Emission of radiation is isotropic = equal in all directions.
No. Emissivity and absorptivity are functions of wavelength. Not functions of the temperature of the source of the thermal radiation.
Take a look at Intelligent Materials and the Imaginary Second Law of Thermodynamics – and this is something I will cover more in the next post.
Yes. If it is not absorbed it will be reflected. After all, radiation incident on a surface can only be absorbed, reflected or transmitted. In the case of the earth “transmitted” isn’t an option so it is only absorption or reflection – and this is very simple to understand.
The properties of different surface types have been thoroughly studied. Take a look at The Dull Case of Emissivity and Average Temperatures.
What is wonderful is that is very easy to calculate what proportion of longwave radiation is absorbed by the surface of the earth – mostly it is very close to 100%.
More in the next installment.
JT’s question got me thinking. Let’s take a walk and tell me where I go astray.

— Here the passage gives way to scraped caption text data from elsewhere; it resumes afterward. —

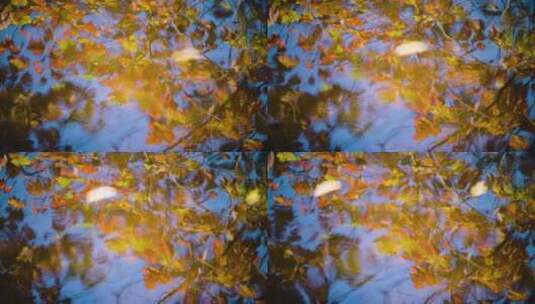 新英格兰河流中反射出的美丽的秋季树叶高清在线视频素材下载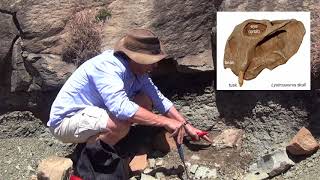 Wapadsberg Vid1 Lystrosaurus Skull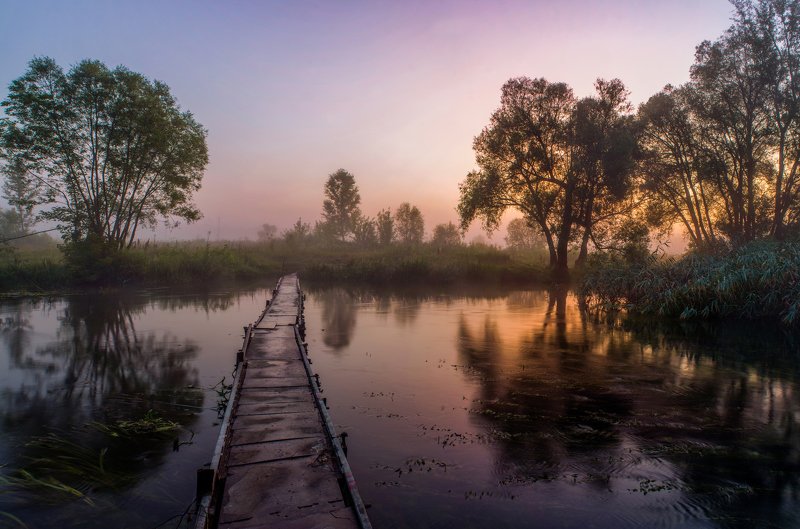 Летнее утро. фото превью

In terms of emission, the photons will go in some random direction that is toward some uniformly distributed point on a sphere, where the center of that sphere is the molecule emitting the photon. Let’s suppose that the we define the radius of the sphere as the distance where there is a 50% chance that the photon will be absorbed at or before that distance. Now, it gets interesting. The rate of absorption depends on the density of the absorbing media. The density of an atmosphere continuously increases as the altitude decreases. So, a photon emitted downward encounters increasingly dense air, and a photon emitted upward encounters air that continuously decreases in density. If you define a surface at the 50% probability distance, that surface is not in a perfect sphere; it is distorted slightly. It will look a bit like an egg with the fat end down and the narrow end up. If you repeat this emission-absorption sequence a multitude of times with a multitude of molecules, the distortion of the absorption distribution function will, in effect, introduce a bias for upward movement of photons.
OK, tell me where I went astray.
Alan D McIntire:
I didn’t check your maths but it’s a very good point.

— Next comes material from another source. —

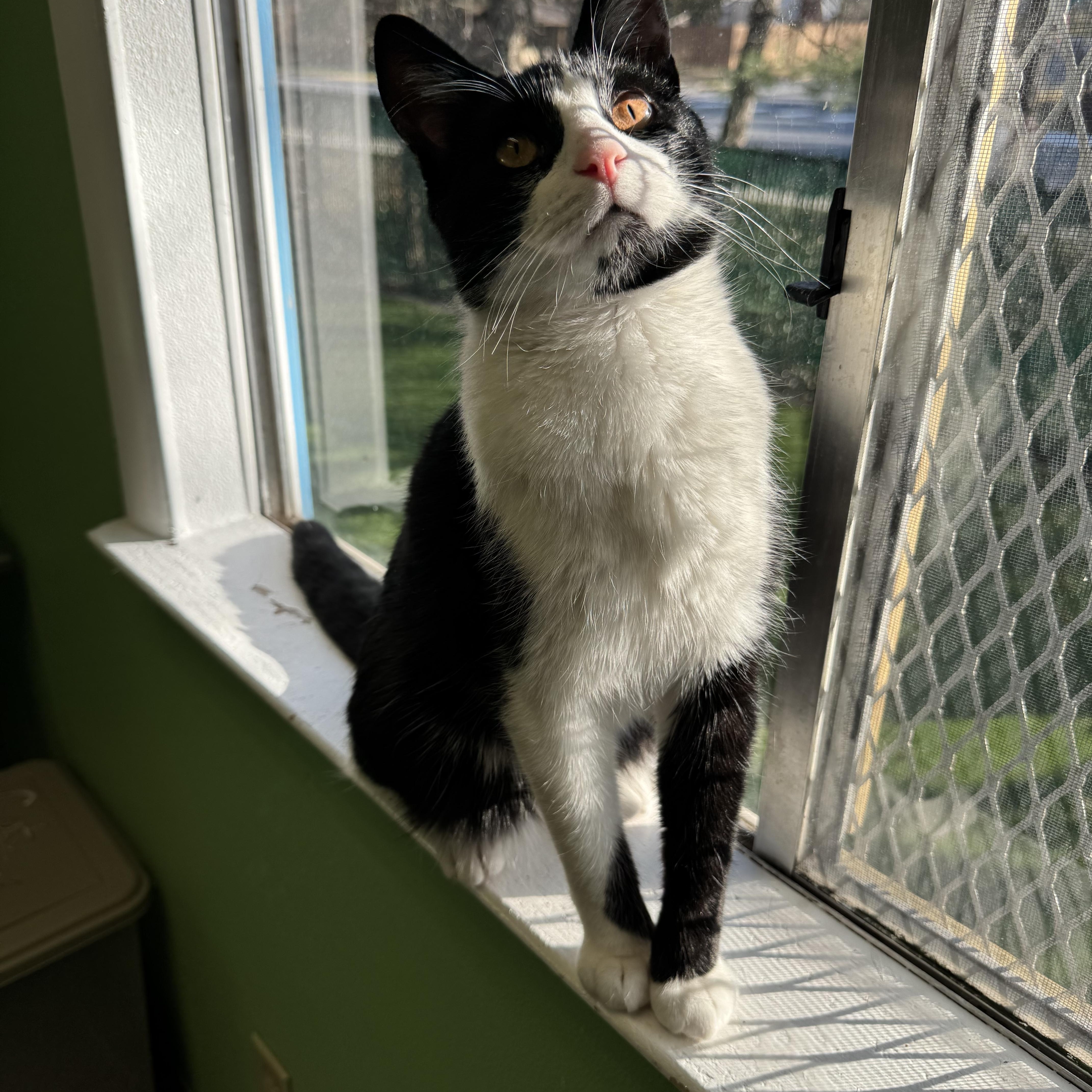 Prince, a Adoptable mixed breed in Greenbelt, MD image 1/5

John Houghton shows in The Physics of Atmospheres (1986) that the radiative time constant of the atmosphere (in the troposphere) is approximately 6 days.
Science of Doom is correct for the Earth’s atmosphere, but amazingly, high up in the Martian atmosphere, stimulated emission is observed
http://laserstars.org/history/mars.html
Arthur Smith:
Thanks
Not so far. He gets a mention in New Theory Proves AGW Wrong!, but nothing of substance, however, it might be an interesting article for other readers.
Christopher Game,
While it doesn’t say, I’ve checked the calculation and the average transmittance is the integral of the surface transmitted column divided by the surface emission from 100-1500 cm-1, more or less. If you use the printed numbers, there’s rounding error that isn’t in the average transmittance number. Since the atmosphere is opaque below 100 cm-1 and above 1500 cm-1, one can calculate the total emission over all frequencies using Stefan-Boltzmann to get total Su. The surface emissivity in MODTRAN is 0.98.
Example:
1976 standard atmosphere, 100 km looking down, average transmittance 0.2527, TOA emission 196.627, S_U 360.427, S_T is then 91.09 and Aa is 269.38. At 0 km looking up, Ed is 258.673. So Aa/Ed is 1.04 and tau is ln(0.2527) = 1.376. But that’s not correct because it ignores the emission outside the 100-1500 cm range. S_U total at 288.2 K with an emissivity of 0.98 is 383.34 but St shouldn’t change (opaque for those wavelengths) so transmittance is 91.09/383.34 = 0.2376 and tau is then 1.437. Aa is then 292.25. Ed is a little trickier. I plotted the spectrum and eyeballed a Planck curve fit for the maximum emission parts of the curve and extended the range to 5-3000 cm-1. The best fit temperature was 286.4. Then I integrated 5-100 and 1500-3000 for the Planck curve giving a total of 22.3 W/m2 or 280.97 for Ed. The ratio is still 1.04.
SpectralCalc is line-by-line and they have atmospheric model capability (no clouds). I could run the numbers from SpectralCalc to compare, but it will take a while. I have to break the spectral range into segments and each segment takes several minutes to calculate. SpectralCalc is also limited to 6 ghg’s at a time and I don’t think they do stratospheric ozone, but I’m not sure.
reply to DeWitt Payne’s post of 2010 Jul 19 5:02 am.
Thank you for your very helpful and enlightening response.
It is good to learn what seems to be the definition of the AVERAGE TRANSMITTANCE of MODTRAN, from a serious expert in its use.
This definition assumes a simply spectrally defined atmospheric window. This definition is not the definition of Ta used by Miskolczi.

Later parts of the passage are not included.